Atualmente, tramita no Congresso Nacional o Projeto de Lei (PL) nº 1.179/2020, que, em sua redação atual, propõe alterar a data da entrada em vigor da LGPD para o dia 1º de janeiro de 2021, bem como postergar a data da possibilidade de aplicação das sanções administrativas previstas na lei para o dia 1º de agosto de 2021.

A proposta chega a ser comedida em comparação aos demais projetos de lei que almejavam prorrogar a legislação, ou suas penalidades, por um período de dois anos, e já possui mais tração política, especialmente por estar inclusa dentro de um projeto que cria diversas regras específicas para o período de enfrentamento do coronavírus, alterando não só a entrada em vigor da LGPD, mas também outros preceitos legais. Não é à toa que ela foi rapidamente aprovada pelo Senado e agora aguarda a apreciação da Câmara dos Deputados.

Mas, nessas horas, o Brasil comprova que não é para amadores. No dia 29 de abril, de forma inesperada, o presidente da República editou a Medida Provisória nº 959, determinando a prorrogação da LGPD para 3 de maio de 2021. A MP é claramente inapropriada por duas grandes razões: a medida fala quase que exclusivamente sobre o pagamento do Benefício Emergencial e, no seu penúltimo artigo, do nada estabelece a prorrogação da LGPD, misturando temas inteiramente desconexos; o segundo motivo é que, ao menos por ora não havia qualquer necessidade para a alteração da data de vigência da LGPD, uma vez que o PL 1179 está em vias de ser votado pela Câmara dos Deputados e já prevê mudanças nas datas de

Os requisitos constitucionais de urgência e relevância sequer estariam presentes para a edição de uma MP neste momento. Qual é a urgência ou relevância em se postergar a LGPD quando o Congresso Nacional já está prestes a fazê-lo?

O momento da edição da MP 959 é no mínimo curioso. Ao que tudo indica, o PL 1179 tem grandes chances de ser aprovado na Câmara, o que inevitavelmente resultará no adiamento da LGPD, ainda que o prazo de prorrogação seja incerto. Caso a prorrogação fosse aprovada na forma da redação atual do referido PL, postergando a LGPD para o dia 1º de janeiro de 2021, o presidente poderia aguardar até dezembro de 2020 para eventualmente editar uma medida provisória na hipótese de entender necessário um novo adiamento. Antecipar-se à votação do PL 1179, desde já determinando um adiamento à lei, parece não fazer qualquer sentido, a não ser que já exista algum acerto parlamentar sobre o texto da MP ou que haja algum interesse em outras mudanças na letra da lei.

Com efeito, a MP 959 tem tudo para desfigurar a LGPD, possivelmente mudando a redação atual da lei de modo abrupto. Isso porque o tema da proteção de dados pessoais nunca esteve tão em voga quanto no atual cenário. Basta observar que a MP 869/2018 (que inicialmente prorrogou a vigência da LGPD) recebeu 176 emendas quando foi apreciada pelo Congresso Nacional, enquanto a recente MP 954 (sobre o compartilhamento de dados com empresas de telefonia para a realização de pesquisas pelo IBGE) recebeu 344 emendas. Nessa linha, caso siga o exemplo das outras medidas provisórias sobre proteção de dados, a MP 959 abrirá a caixa de pandora para centenas de emendas parlamentares, que podem resultar em novas mudanças drásticas e inesperadas na legislação.
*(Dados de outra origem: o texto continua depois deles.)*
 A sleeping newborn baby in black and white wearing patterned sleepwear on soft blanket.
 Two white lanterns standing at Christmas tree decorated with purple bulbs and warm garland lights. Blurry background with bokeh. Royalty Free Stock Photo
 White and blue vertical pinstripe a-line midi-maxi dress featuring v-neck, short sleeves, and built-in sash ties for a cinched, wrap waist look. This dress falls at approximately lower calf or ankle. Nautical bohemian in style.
O adiamento da lei tem consequências nefastas: coloca o Brasil em descrédito no nível internacional, impede o ingresso do país na Organização para a Cooperação e Desenvolvimento Econômico (OCDE), diminui a competitividade do país, entre outros. Além disso, em tempos nos quais medidas de monitoramento ostensivo estão sendo adotadas em todo o mundo para acompanhar o desenvolvimento do vírus, ter uma legislação de proteção de dados em vigor seria fundamental para garantir o equilíbrio entre o interesse público e a privacidade dos cidadãos.
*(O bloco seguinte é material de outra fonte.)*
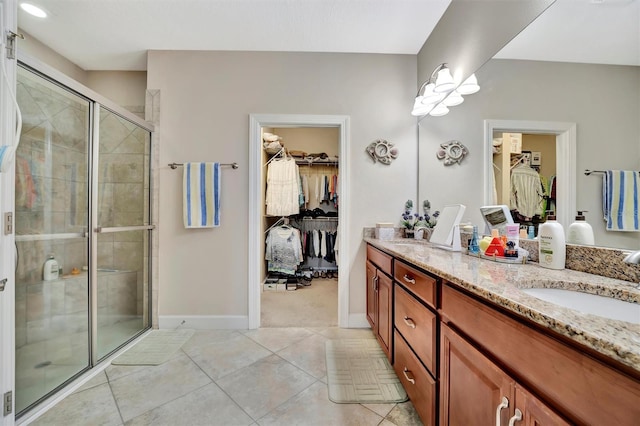 full bathroom with a walk in closet, a stall shower, a sink, tile patterned flooring, and double vanity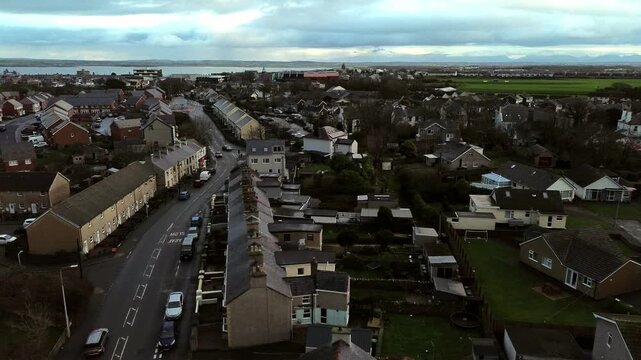 Rainy Holyhead homes aerial rising view above the small Welsh island town neighbourhood real estate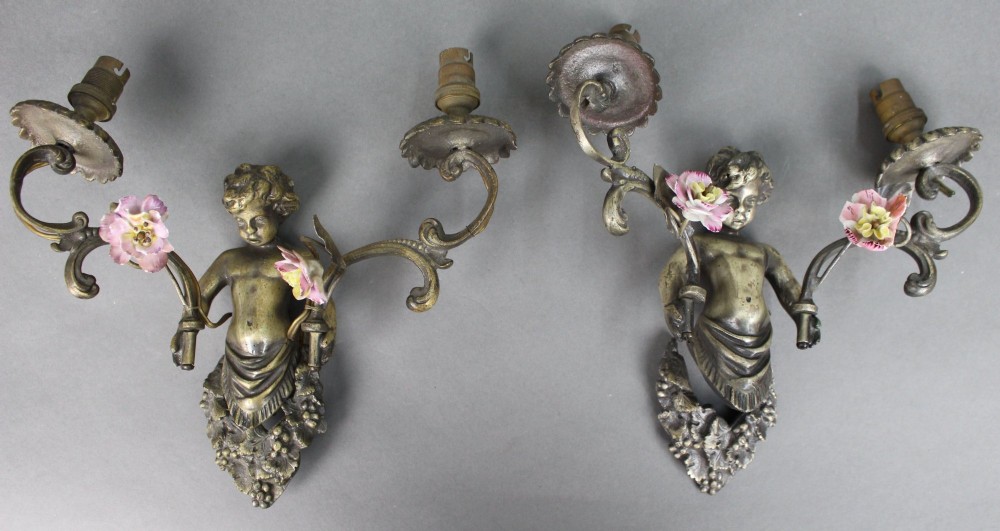A pair of cast metal wall sconces featuring sculpted cherubs holding twin scroll arms decorated with ceramic floral motifs and electrical light sockets.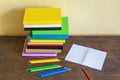 Stack of different books and colored pencils. Copy space Royalty Free Stock Photo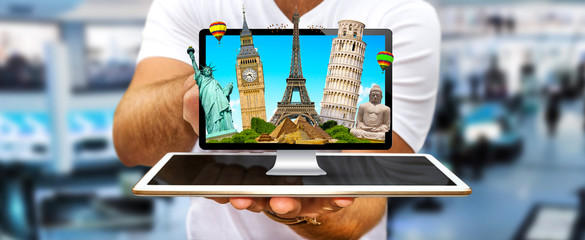 Man travelling the world with his computer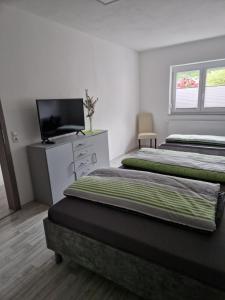 a bedroom with two beds and a television in it at Gelis Ferienwohnung in Aichstetten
Ainda assim, não há como negar que o cenário mudou radicalmente em razão dos acontecimentos recentes e dos efeitos que serão sentidos no futuro. Neste novo contexto, e especialmente diante da ausência da Autoridade Nacional de Proteção de Dados (ANPD), não obstante as consequências negativas do adiamento, a prorrogação da entrada em vigor da LGPD parece inevitável. A lei será jogada para o futuro, mas os efeitos prejudiciais dessa medida serão sentidos desde já.